**Task goal:** Repeat every record exactly, but omit the images.

**Given information:**
------------

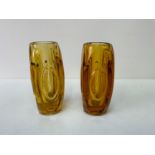 Pair of Czechoslovakian Amber Glass Bullet Vases by Rudolf Schrotter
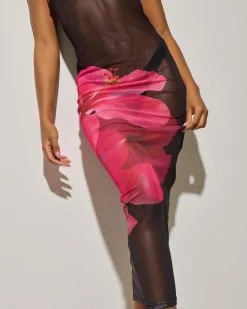 Beach Covers & Overswim*Kaiami Paradise Mesh Long Cover Up Black/pink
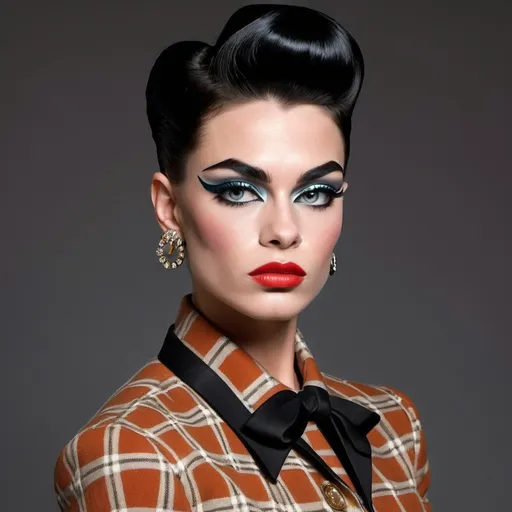 Prompt: Gorgeous muscular 25-year-old Czechian drag queen (strong masculine jawline and brow), Prada 1950s style elegant silhouette, classic tailored look, vibrant colors, rich textures, polished accessories, soft lighting, nostalgic ambiance, high-quality detail, reminiscent of mid-century fashion photography, chic black hairstyle, playful patterns, stylish footwear, retro elegance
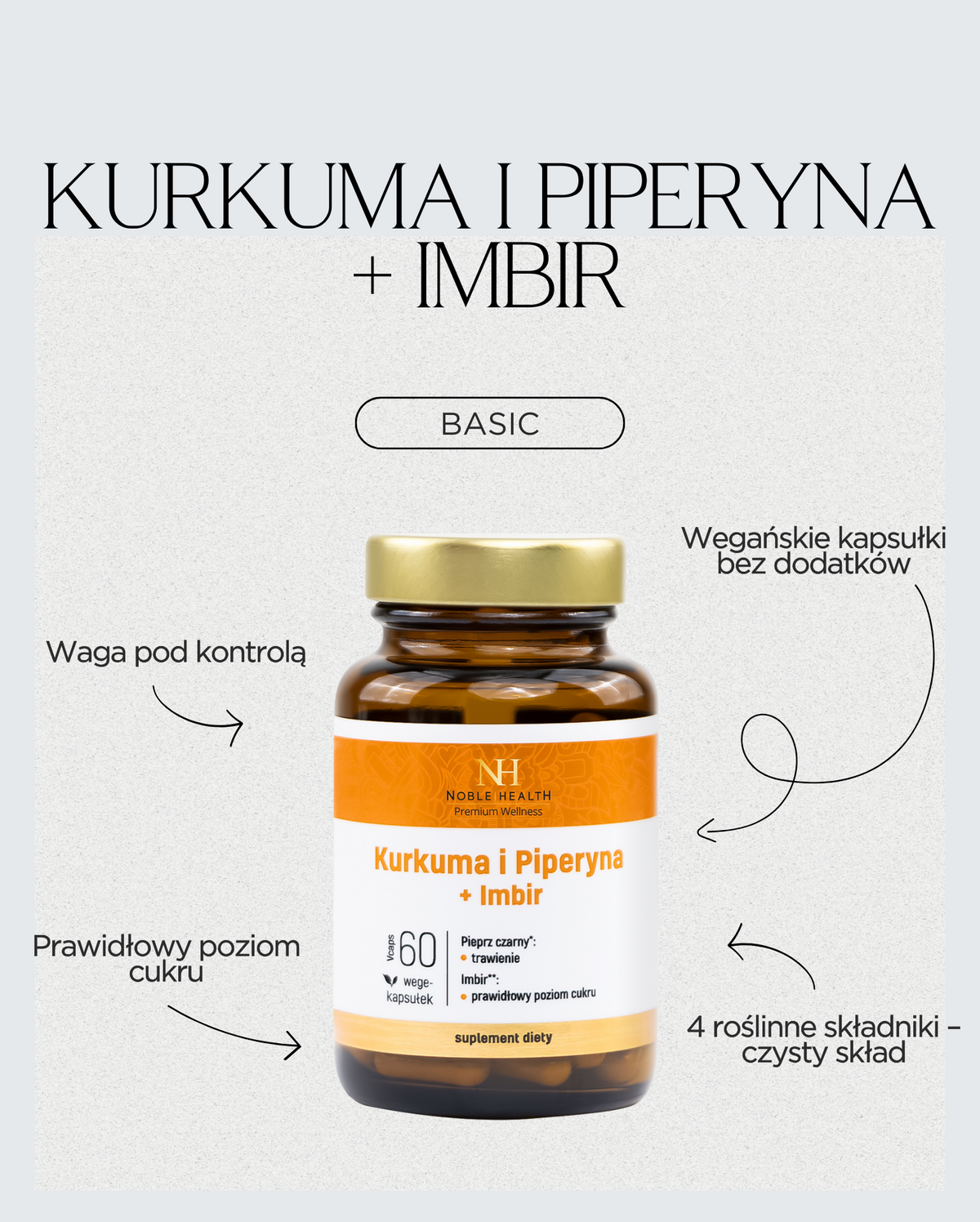 Complemento alimenticio Cúrcuma y Piperina + Jengibre - Noble Health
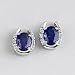 Rhinestone In Sterling Silver Horseshoe Earrings, Blue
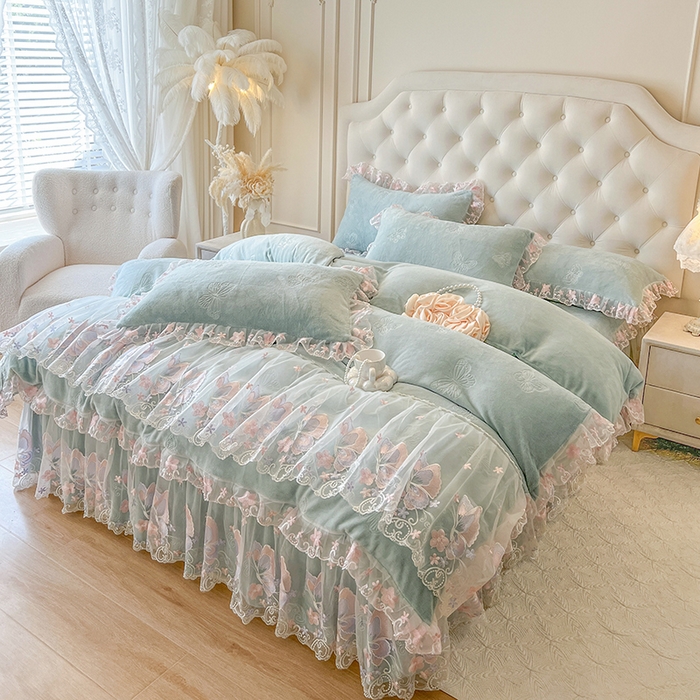 91家纺网 家纺一手货源 找家纺 网红馆（ck家纺） 2025新款牛奶绒刺绣四件套-蝴蝶纷飞系列 蝴蝶纷飞-绿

------------

**Final answer:**
 Pair of Czechoslovakian Amber Glass Bullet Vases by Rudolf Schrotter
 Beach Covers & Overswim*Kaiami Paradise Mesh Long Cover Up Black/pink
 Prompt: Gorgeous muscular 25-year-old Czechian drag queen (strong masculine jawline and brow), Prada 1950s style elegant silhouette, classic tailored look, vibrant colors, rich textures, polished accessories, soft lighting, nostalgic ambiance, high-quality detail, reminiscent of mid-century fashion photography, chic black hairstyle, playful patterns, stylish footwear, retro elegance
 Complemento alimenticio Cúrcuma y Piperina + Jengibre - Noble Health
 Rhinestone In Sterling Silver Horseshoe Earrings, Blue
 91家纺网 家纺一手货源 找家纺 网红馆（ck家纺） 2025新款牛奶绒刺绣四件套-蝴蝶纷飞系列 蝴蝶纷飞-绿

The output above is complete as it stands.